Smart Politics studied the last 42 cycles since the first western state voted in a presidential race (California, 1852) and the last 48 cycles since the formation of the party in 1828, and that Democrats have never selected a westerner to be their presidential or vice presidential nominee – while the GOP has done so 15 times.
[Note: Some Democratic nominees were born in the West, such as John Kerry (Colorado) and Barack Obama (Hawaii), but none rose to political prominence in the region].
To be sure, in recent election cycles, the Democratic Party has established a noticeable foothold in the West – creating a strong regional bench that helps to explain why so many westerners may run for the nation’s highest elected office this cycle.
Democrats currently hold eight of the 13 Western governorships (61.5 percent), 15 of 26 U.S. Senate seats (57.7 percent), and an impressive 75 of 102 U.S. House seats (73.5 percent).
But the closest Democrats have ever come to putting forth a Western presidential nominee are Plains state politicians William Jennings Bryan (Nebraska, 1896, 1900, 1908) and George McGovern (South Dakota, 1972) and southerner Lyndon Johnson from Texas (1964). Definitely west of the Mississippi, but not the West.
Even with the potential of several westerners in the 2020 race, there is little guarantee that the Democratic nominee’s VP pick will come from this field (see Tim Kaine in 2016, Joe Lieberman in 2000, Al Gore in 1992, Lloyd Bentsen in 1988, Geraldine Ferraro in 1984, Walter Mondale in 1976).
Democrats have never nominated a Westerner for the vice-presidential slot – unless one counts the Southern Democratic ticket in 1860. [In that cycle, U.S. Senator Joseph Lane from Oregon was nominated as the running-mate on John Breckinridge’s pro-slavery ticket].
The furthest West the Democratic Party has ventured to select its vice presidential nominee is Nebraska (Charles Bryan, 1924) and Texas (John Garner, 1932 and 1936; Lyndon Johnson, 1960; Lloyd Bentsen, 1988).
Republicans, meanwhile, have nominated westerners for president eight times beginning with their first nominee, former California Senator John Frémont in 1856.
After overlooking the region for the next 100+ years, the GOP then nominated several presidential hopefuls from the West over the last half-century: former California U.S. Senator Richard Nixon in 1960, 1968, and 1972, Arizona U.S. Senator Barry Goldwater in 1964, former California Governor Ronald Reagan in 1980 and 1984, and Arizona U.S. Senator John McCain in 2008.

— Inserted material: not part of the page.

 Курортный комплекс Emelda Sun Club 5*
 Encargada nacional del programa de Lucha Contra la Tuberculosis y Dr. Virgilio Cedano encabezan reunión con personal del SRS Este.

Republicans have also selected Western politicians for the VP slot, doing so in seven cycles: Oregon U.S. Senator Charles McNary in 1940, California Governor Earl Warren in 1948, California U.S. Senator Richard Nixon in 1952 and 1956, former Wyoming U.S. Representative Dick Cheney in 2000 and 2004, and Alaska Governor Sarah Palin in 2008.
There have been a handful of Democratic presidential candidates from the West who have had a decent run at the nomination, but fell short.
The aforementioned Joseph Lane of Oregon was placed into nomination at the 1852 and 1860 Democratic conventions, peaking at fifth (14 votes) and fourth (20.5 votes) place respectively.
U.S. Supreme Court Justice Stephen Field of California also received support at two conventions reaching a high of 13 votes and fifth place in 1868 and 65.5 votes and fourth place in 1880.
Former Treasury Secretary William McAdoo (who became a westerner later in life, winning a U.S. Senate seat from the Golden State in the 1930s) ran second at the 1920 DNC and led for several ballots at the chaotic 1924 convention.
It would be nearly 50 years before the next Democrat from a western state made any waves at the DNC. In 1972, Washington U.S. Senator Scoop Jackson came in a distant second in balloting behind George McGovern with 525 delegates.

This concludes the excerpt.